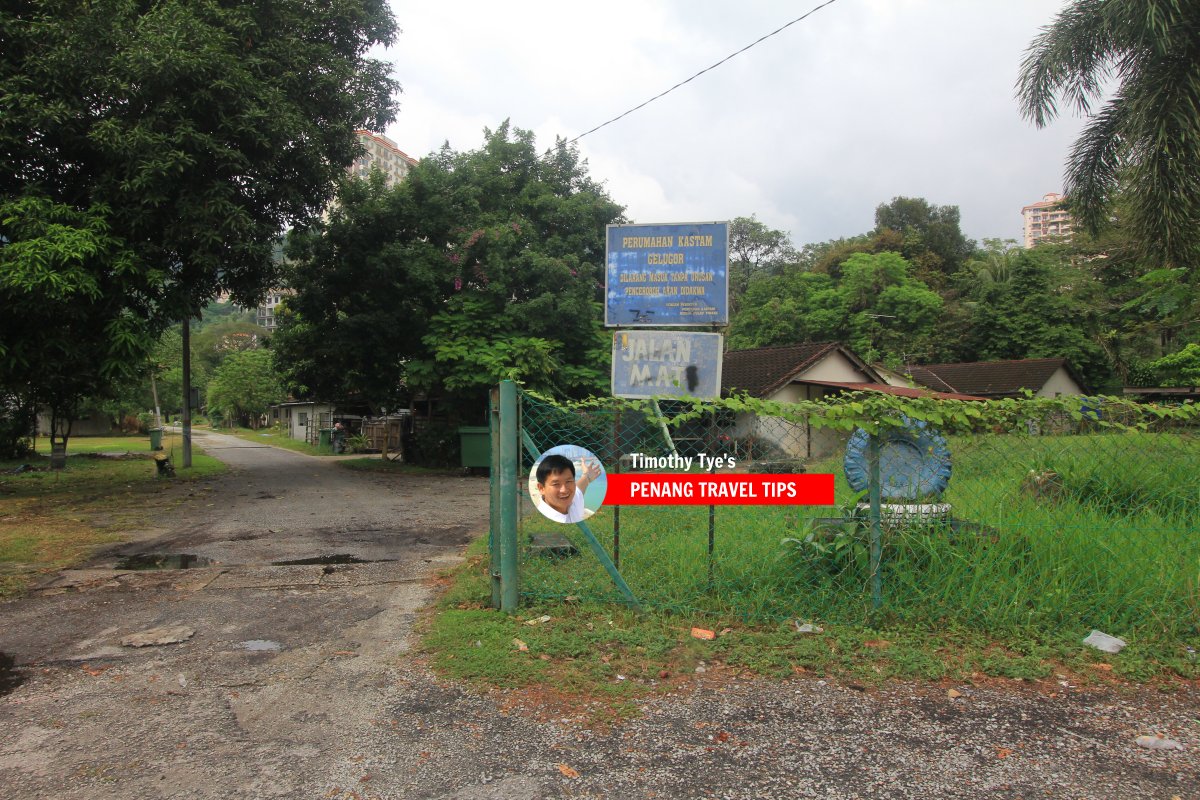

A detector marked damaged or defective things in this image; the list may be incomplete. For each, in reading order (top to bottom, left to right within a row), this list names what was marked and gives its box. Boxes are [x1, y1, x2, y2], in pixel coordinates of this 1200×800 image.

pothole in road [114, 554, 216, 573]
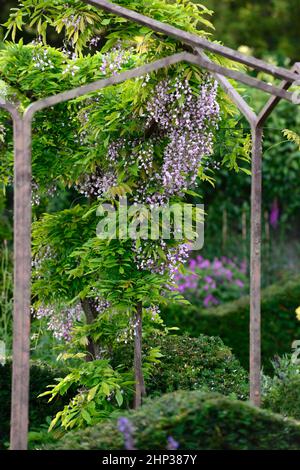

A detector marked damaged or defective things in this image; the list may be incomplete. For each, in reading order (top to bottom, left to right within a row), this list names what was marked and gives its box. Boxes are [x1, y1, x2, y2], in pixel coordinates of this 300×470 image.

rusted metal frame [84, 0, 300, 83]
rusted metal frame [256, 64, 300, 127]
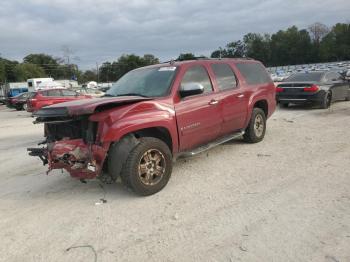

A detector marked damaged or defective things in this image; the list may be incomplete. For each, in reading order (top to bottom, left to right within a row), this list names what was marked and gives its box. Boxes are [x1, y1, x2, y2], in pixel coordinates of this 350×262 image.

dented hood [33, 95, 152, 117]
damaged front end [27, 108, 108, 180]
crushed front bumper [27, 139, 108, 180]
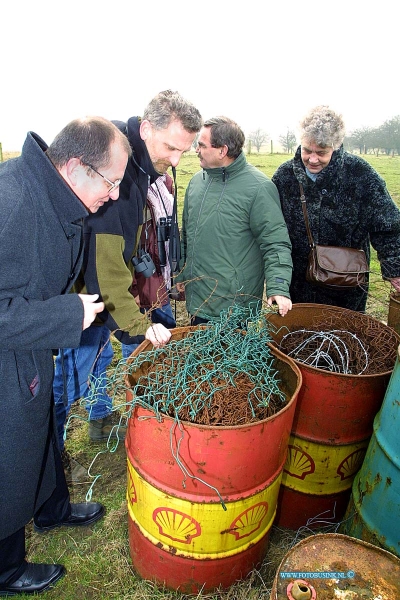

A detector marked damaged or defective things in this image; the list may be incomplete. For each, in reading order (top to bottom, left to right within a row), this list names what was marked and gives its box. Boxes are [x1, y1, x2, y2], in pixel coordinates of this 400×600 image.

rusty metal barrel [123, 328, 302, 596]
rusty metal barrel [264, 304, 398, 528]
rusty metal barrel [268, 532, 400, 596]
rusty metal barrel [340, 342, 400, 556]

☆ ☆ ☆ ☆ ☆ ☆ ☆

▶ Task objective: Return the listing verbatim; pictures are not part of the copy.

▶ Result of the exercise:
A detector marked damaged or defective things in this image; the list may be incomplete. For each, in reading order (top to bottom, left to right within a row), this list names what was marked and gives its box. Boxes are [x1, y1, x2, y2], in pixel coordinates of this 1200×800 image.

pothole in road [114, 554, 216, 573]

A detector marked damaged or defective things in this image; the list may be incomplete. For each, in reading order (top to bottom, left to right within a row), this list names what was marked and gives its box. Boxes are [x1, y1, x2, y2], in pixel coordinates of this 300×470 image.

rusted metal frame [84, 0, 300, 83]
rusted metal frame [256, 64, 300, 127]

A detector marked damaged or defective things in this image; the list may be incomplete. For each, in reading order (top to bottom, left to right within a row), this list names what was marked and gives its box. Boxes are [x1, y1, x2, y2], in pixel coordinates of this 350×262 image.

dented hood [33, 95, 152, 117]
damaged front end [27, 108, 108, 180]
crushed front bumper [27, 139, 108, 180]

A detector marked damaged or defective things in this image; the list may be incomplete. For each, in reading order (top to bottom, left to right within a row), this list names what was marked and gives its box. Boxes are [x1, y1, x2, y2], in pixel coordinates of this 400×600 image.

rusty metal barrel [123, 328, 302, 596]
rusty metal barrel [264, 304, 398, 528]
rusty metal barrel [268, 532, 400, 596]
rusty metal barrel [340, 342, 400, 556]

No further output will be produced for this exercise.